#### [What this task involves]
Please go line by line and repeat the data below exactly, with no images.

[Captioned web images]
────────────────────
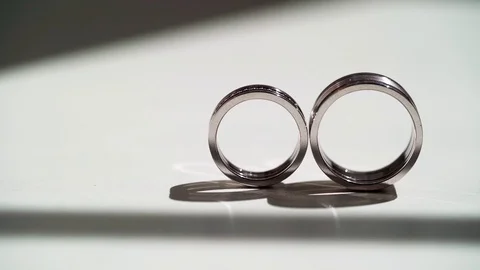 Wedding rings at white background Stock Footage 109620131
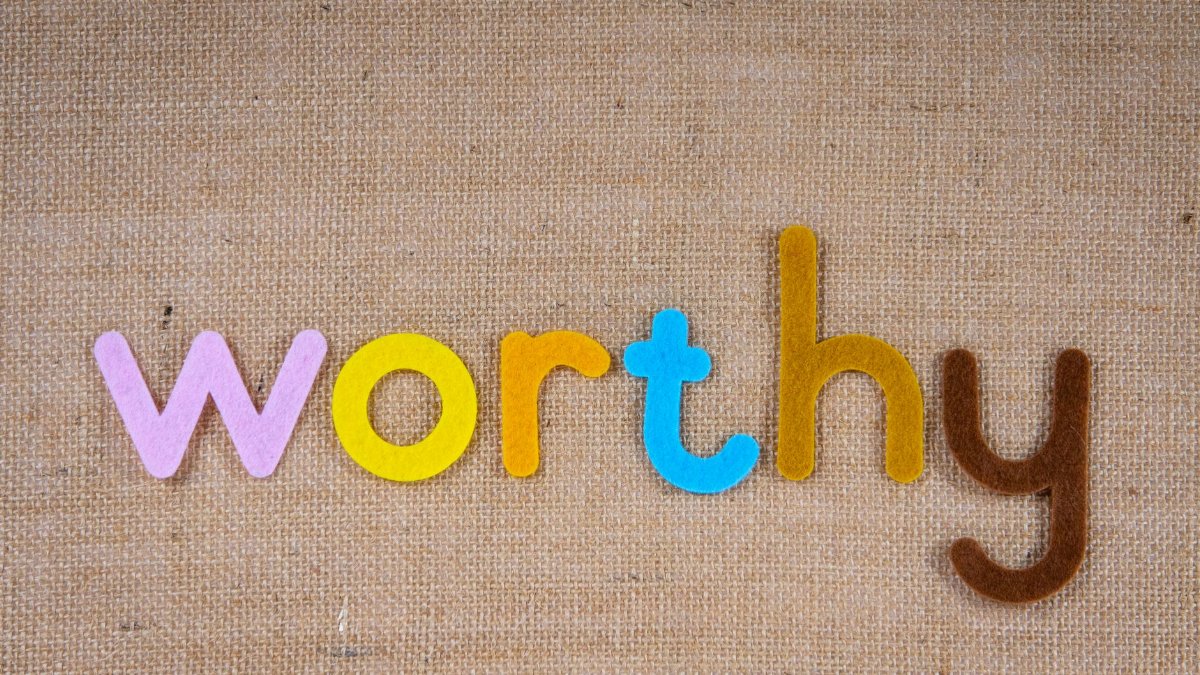 The word 'worthy' in colorful felt letters on a burlap texture, conveying positivity and value.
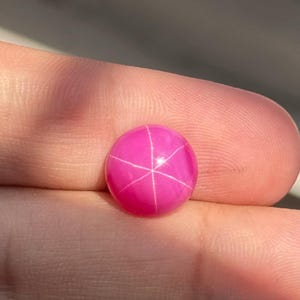 May include: A round, vibrant hot pink cabochon gemstone featuring a distinct six-rayed star pattern across its smooth, polished surface. The stone displays a bright, saturated magenta hue with a sharp, centered asterism effect visible on top.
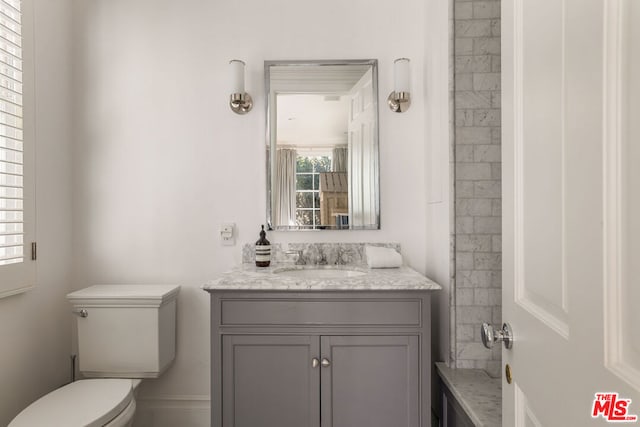 bathroom with vanity and toilet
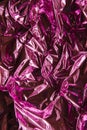 Crumpled pink foil. The background shimmers with rainbow colors Royalty Free Stock Photo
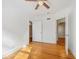 This bedroom has hardwood floors, white walls and trim, and multiple doorways at 934 N Halifax Ave, Daytona Beach, FL 32118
────────────────────
#### [Response]
 Wedding rings at white background Stock Footage 109620131
 The word 'worthy' in colorful felt letters on a burlap texture, conveying positivity and value.
 May include: A round, vibrant hot pink cabochon gemstone featuring a distinct six-rayed star pattern across its smooth, polished surface. The stone displays a bright, saturated magenta hue with a sharp, centered asterism effect visible on top.
 bathroom with vanity and toilet
 Crumpled pink foil. The background shimmers with rainbow colors Royalty Free Stock Photo
 This bedroom has hardwood floors, white walls and trim, and multiple doorways at 934 N Halifax Ave, Daytona Beach, FL 32118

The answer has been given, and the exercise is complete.